Ventes illégales à Nice :la pharmacienne condamnée
Après quarante-deux ans d’activité sans nuage, elle a vendu, sous le manteau, des masques dans son officine de Saint-Sylvestre. La justice l’a sanctionnée et poussée vers la sortie
Tailleur bleu canard, chignon serré, lèvres pincées, Marie-Anne Raybaut, une pharmacienne de 71 ans, se retrouve devant le tribunal correctionnel de Nice. En pleine pandémie, alors que les professionnels de santé couraient les officines à la recherche de précieux masques, elle prétextait une rupture de stocks, refusait de fournir les Ehpad, de vendre aux infirmiers ou aux médecins. Dans le même temps, elle proposait au détail les masques 4,50 euros l’unité. Malgré les réquisitions de l’État. Elle fabriquait également, à la hâte, du gel hydroalcoolique non conforme à base de gel normalement destiné aux… échographies. Scandalisés par son comportement, ses propres salariés de la pharmacie SaintSylvestre, ont confirmé aux policiers ces détestables pratiques.
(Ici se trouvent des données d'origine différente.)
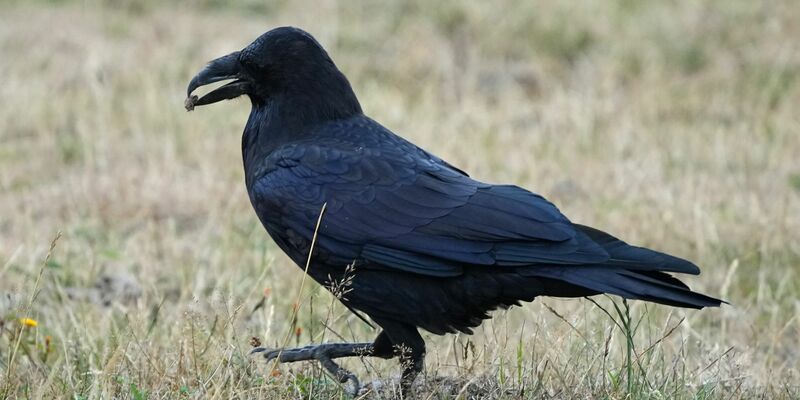 Ein Rabe (Corvidae) spaziert im brandenburgischen Wildpark Schorfheide mit Futter im Schnabel über eine Wiese. - Foto: Soeren Stache/dpa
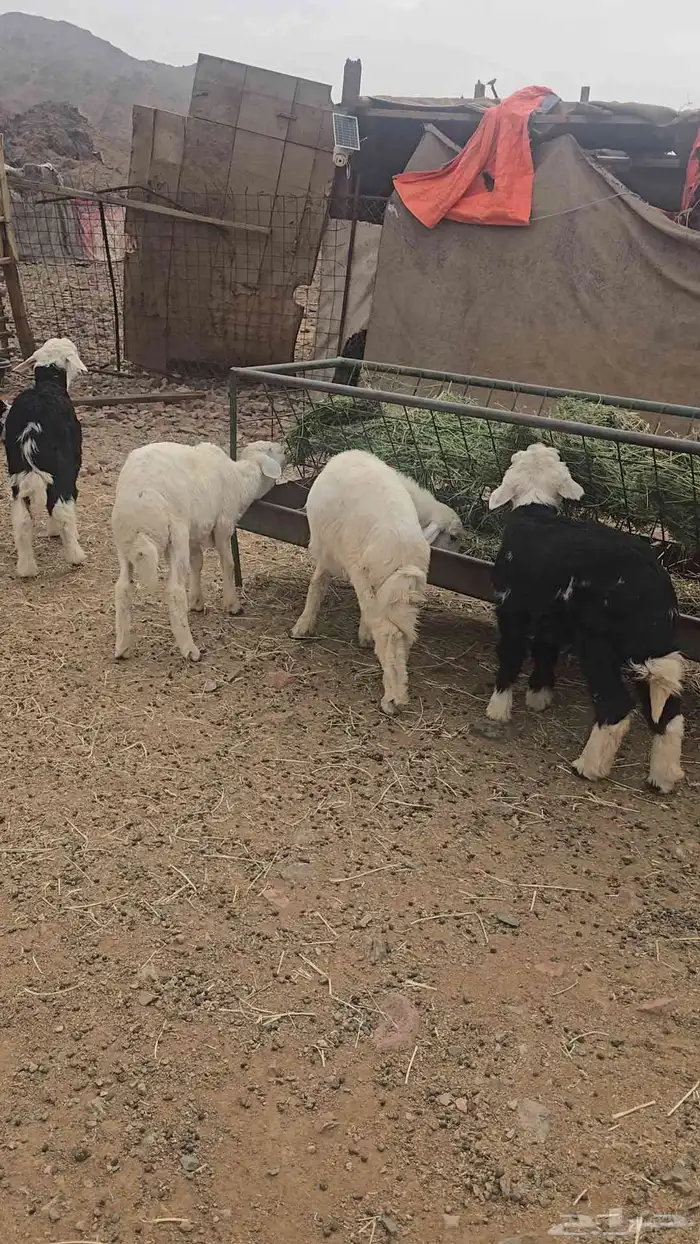 بهم مايضحي للبيع العدد 6 2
Six infractions reprochées
La septuagénaire bon chic bon genre a été placée en garde à vue le 23 mars. Elle risque désormais de perdre le fruit d’une vie de travail. « J’y suis du matin au soir, du lundi au samedi », tente de justifier cette célibataire sans enfant dont les revenus mensuels, outre sa retraite de 2000 euros, sont complétés par 4 000 euros de dividendes. Six infractions lui sont au total reprochées. Le Conseil national de l’Ordre, indigné par un comportement qui jette l’opprobre sur toute une profession, lui réclame des dommages et intérêts.
L’Agence régionale de santé est également partie civile. D’une voix douce, à peine audible, la pharmacienne exprime ses regrets : «Je voudrais vous dire combien je suis triste. J’ai commis une erreur avec cette histoire de masques. Quant au gel, je faisais des essais. Je vous demande de me pardonner. J’ai voulu préserver mon personnel. Je suis meurtrie alors que j’ai essayé de rendre service, de trouver des solutions »
« Béchamel »
La pharmacienne invoque maladroitement un défaut d’information, minimise l’ambiance délétère dans son officine, explique qu’il s’agissait de son propre stock de masques, pas de la dotation de l’État.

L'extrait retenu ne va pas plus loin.